The 4-H Mustang Challenge’s seven participants are getting their mustangs accustomed to human interaction as they train them to wear a harness and walk on a lead. The kids are responsible for feeding and watering the yearling horses daily. The final test of the program will be guiding their horses through an obstacle course during the 4-H show in March.
“The kids are all doing really well,” said Trina Hipp, mustang challenge club leader. “They spend time with the horses every day and are all progressing at about the same rate. Most can walk the horses, some can bathe them. The kids are learning to have patience and becoming confident.”
Over the last three months, Billie has introduced Jiminy to other animals including the family dogs, cats and chickens. She also bathes him regularly, an activity Jiminy is not fond of; after each bath he rolls in the dirt and Allegra has to start all over.
“Once I got the harness on, I took off his Bureau of Land Management (BLM) tag,” she said. “That was a big accomplishment and one of my main goals. I have it hanging in my room now.”
The BLM’s Wild Horse and Burro Program manages and protects mustangs on more than 26 million acres of public land in 10 western states, which includes the Wild Horse and Burro program. Since the program’s inception in 1971, more than 240,000 animals have been adopted by the program’s participants.
The first thing Billie does after she gets off of the school bus is to head out to the pen to brush, walk and feed Jiminy.
“I spend as much time as I can with him,” she said. “The time really flies by. There’s been a drastic change since I got him.”

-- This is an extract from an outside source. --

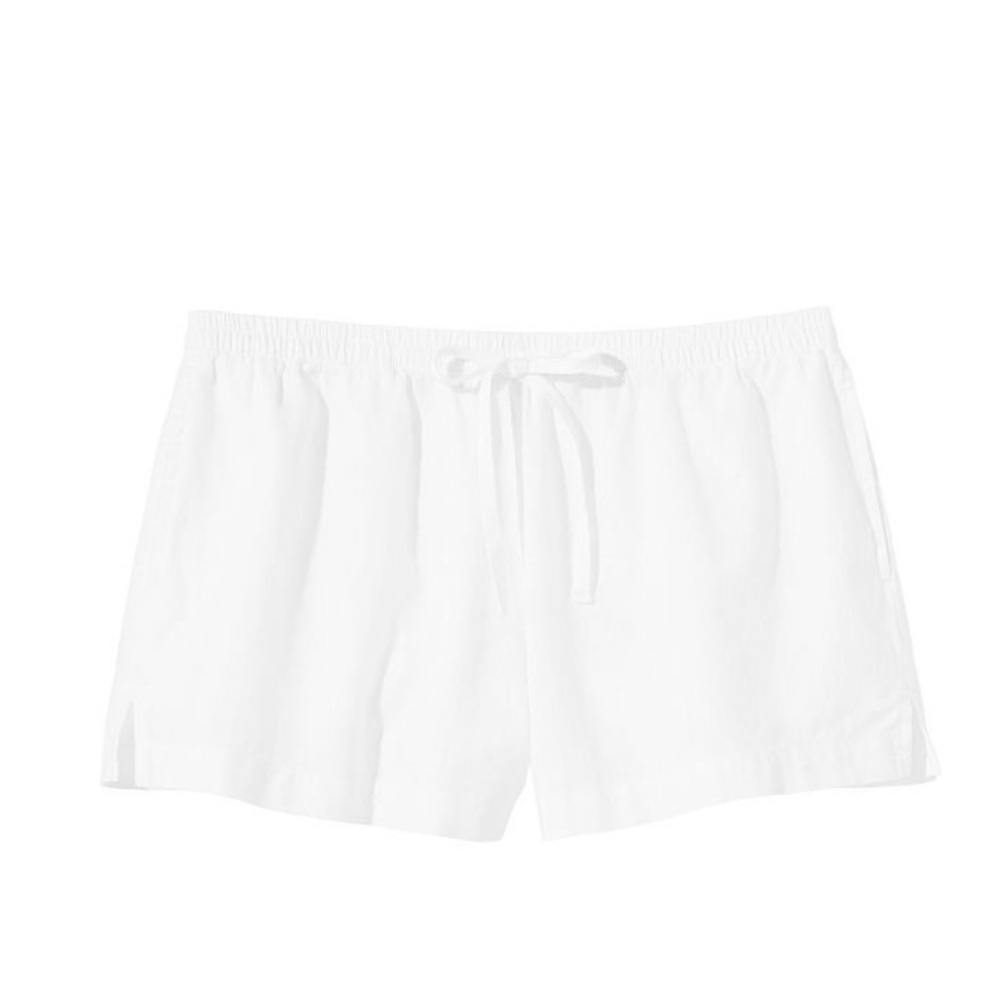 NWT Victoria’s Secret Drawstring Waist Linen Cover-up Shorts in White - Picture 13 of 13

Billie’s diligent attention to Jiminy has paid off; the horse is used to the harness and walking on its lead. Sometimes he even follows her without the lead. She said he has gotten better at a lot of things, but doesn’t like loud noises. Billie often brings out a radio and cranks it up to get him used to the noise. Without that, the loudest sounds around come from other animals, including a noisy pair of Sandhill cranes.
“I’m grateful for this program because I’m in love with this horse,” Allegra said. “The program taught me a lot of patience; I couldn’t just jump in. I love connecting to this horse on another level because I have to break him in. I’ve never done that before and I might do it again.”